Phillipe watched Tomas descend the stairs, smiling and sipping brandy from the window of his study. He saw Tomas mount his horse and ride down the allee of trees leading to the river road. He chuckled once Tomas was out of sight.
“Mabel!” he shouted, turning away from the window. “Bring your ass in here!” A negro girl scurried into the room, eyes downcast as she smoothed dingy white folds of her wrinkled cotton dress.
“Yassah, Marse Bourgeois,” she said. “What can I do?”
“Fetch Marguerite,” Phillipe said, opening an engraved wooden box situated on the outer edge of his cherry wood desk. He lifted a cigar from within, held it to his nose and sniffed its length. “I want a word with her.”
“Yassah, Marse Bourgeois,” Mabel said, turning to run – her feet scuffling across the wooden floor.

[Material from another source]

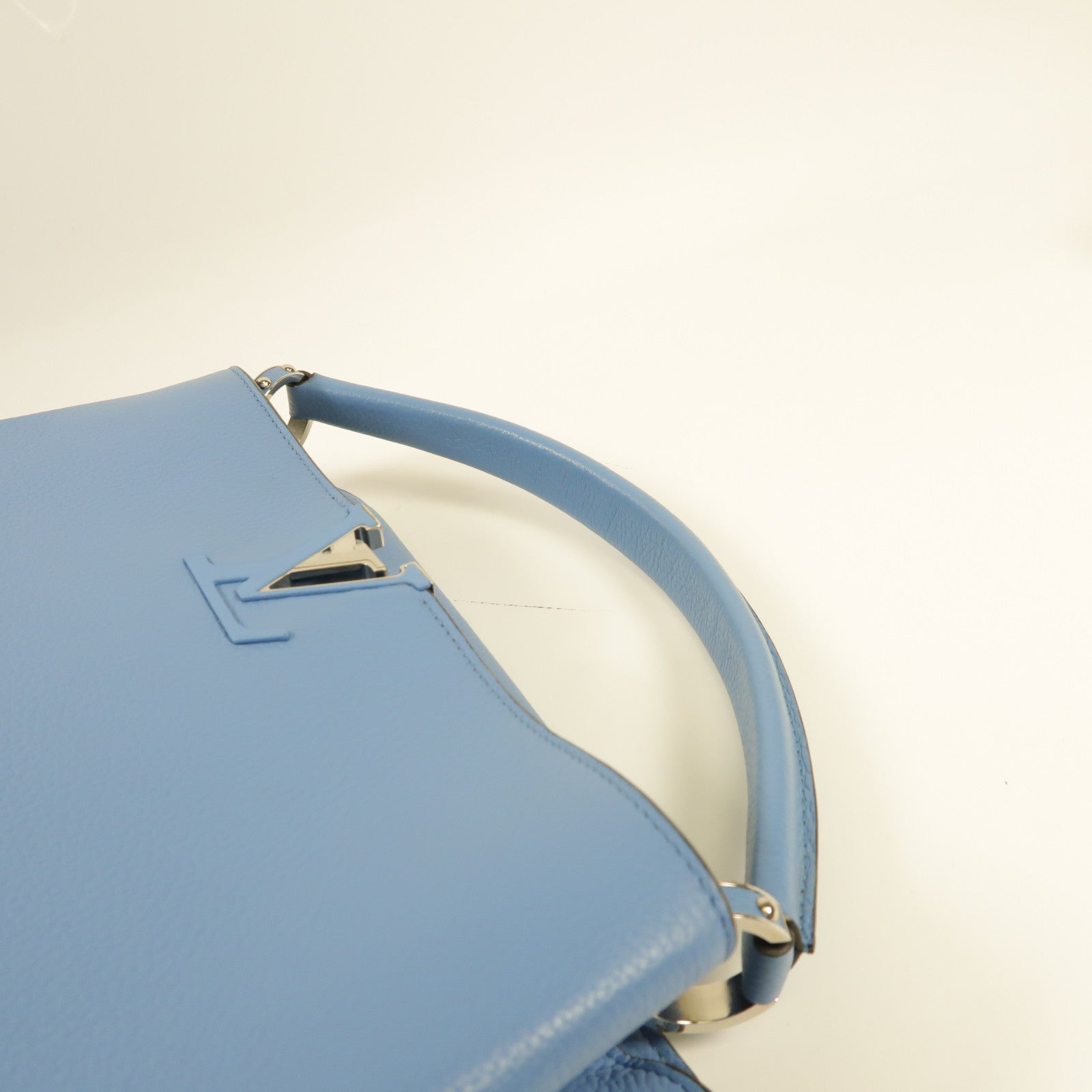 LOUIS VUITTON 牛皮皮革Capucines MM銀扣手挽袋藍色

“And stop that running!” he said, using ornate, silver sheers to clip the end from the cigar. “You’re gonna break something, and then you’ll wish you’d walked.”
“Sorry, Marse Bourgeois,” she called back once in the hallway. “I’za be careful.”
Phillipe nodded, struck a match and lit the cigar – puffing clouds of smoke until it was fully lit. Tilting his head back as he sucked in the fumes, he blew a cloud toward the ceiling and sighed.
“Here she be, Marse Bourgeois,” Mabel said, standing behind as Marguerite strode into her father’s library.
“Daddy?” Marguerite said, looking around the room. “Is Tomas still here?” Phillipe nodded toward Mabel.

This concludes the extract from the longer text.